Le réveillon d’Apple en RDC :
5G, coltan et enjeux géopolitiques

Jeudi 9 janvier 2025, à Kinshasa, l’ambiance était solennelle lors d’une conférence de presse tenue par la cheffe de la diplomatie et le chef des armées congolais. Patrice Muyaya, porte-parole du gouvernement, s’est exprimé: « Le Rwanda aujourd’hui ne peut pas vivre sans piller la République démocratique du Congo ». Ces déclarations font écho à un rapport des Nations unies publié ce décembre 2024, qui dénonce les exactions économiques dans l’est du pays.
Le document met en lumière la situation à Rubaya, ville du Nord-Kivu contrôlée depuis avril 2024 par les rebelles du M23. Cette région, riche en ressources minières, abrite surtout l’une des plus grandes mines de coltan dans les Grands Lacs. Ce minerai, composé de niobium et de tantale, est essentiel à la fabrication des smartphones, tablettes et appareils connectés, notamment depuis l’essor de la 5G.
Selon l’ONU, le M23 exploite Rubaya à raison de 120 tonnes de coltan par mois, générant près de 800 000 dollars mensuels grâce à une taxe imposée sur les creuseurs. Ces revenus profiteraient ainsi à l’économie rwandaise, selon le rapport.
Kinshasa dénonce une « extraction frauduleuse » et accuse Apple et d’autres multinationales de fermer les yeux sur les « minerais de sang » présents dans leur chaîne d’approvisionnement. En décembre 2024, le cabinet Amsterdam & Partners, mandaté par le gouvernement congolais, a déposé plainte en France puis en Belgique contre Apple pour recel de crimes de guerre, blanchiment et tromperie des consommateurs. « Si vous voulez être sûr de ne pas donner de minerais de sang à Noël, offrez des… pommes ! » plaisante à demi-mot Robert Amsterdam, l’avocat du cabinet, Amsterdam & Partners, qui a porté plainte au nom du gouvernement congolais.

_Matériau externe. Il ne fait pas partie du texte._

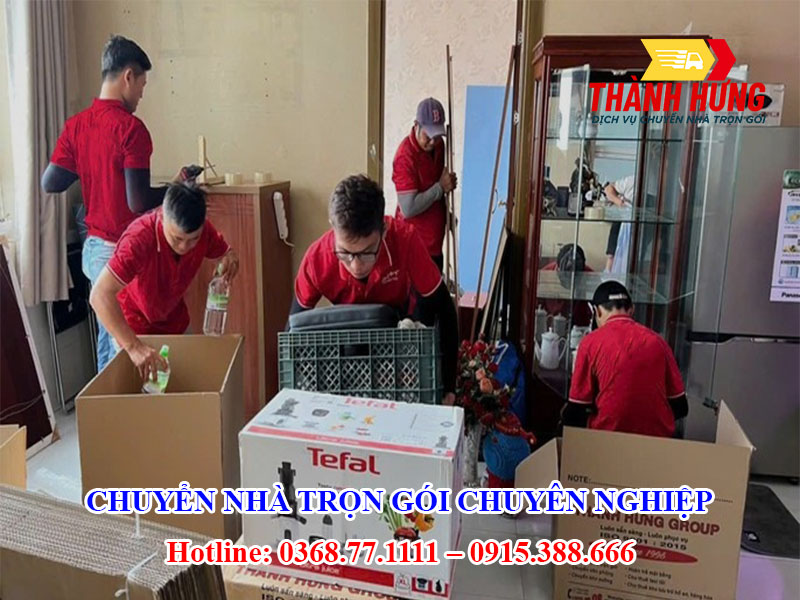 Chuyển Nhà Trọn Gói Tại Trà Vinh Chuyên Nghiệp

Apple, Tesla, Intel et d’autres entreprises reconnaissent s’approvisionner indirectement en RDC et au Rwanda, mais toujours via une chaîne complexe d’intermédiaires. En 2019 déjà, l’ONG International Rights Advocates avait poursuivi plusieurs géants de la tech, les accusant de tirer profit du cobalt congolais exploité dans des conditions dangereuses, impliquant parfois des enfants.
Depuis les années 2000, les ressources minières de l’est de la RDC alimentent des conflits meurtriers. « Minerais de sang », ces matériaux stratégiques sont au cœur d’un système à la fois opaque et lucratif, où les promesses de traçabilité peinent à être tenues.
Alors que le président rwandais Paul Kagame s’est exprimé à Kinshasa le 9 janvier dernier sans commenter le rapport de l’ONU, les tensions entre les deux pays restent palpables. La RDC affirme sa volonté de poursuivre ceux qui profitent de ces richesses au détriment de la paix et du développement local.
Soucieux de préserver son image, le géant Apple s’engage pour l’instant à suspendre ses approvisionnements en minerais en provenance de la RDC et du Rwanda. Un revirement à accueillir avec satisfaction et prudence…
Mais la route vers une exploitation responsable reste semée d’embûches.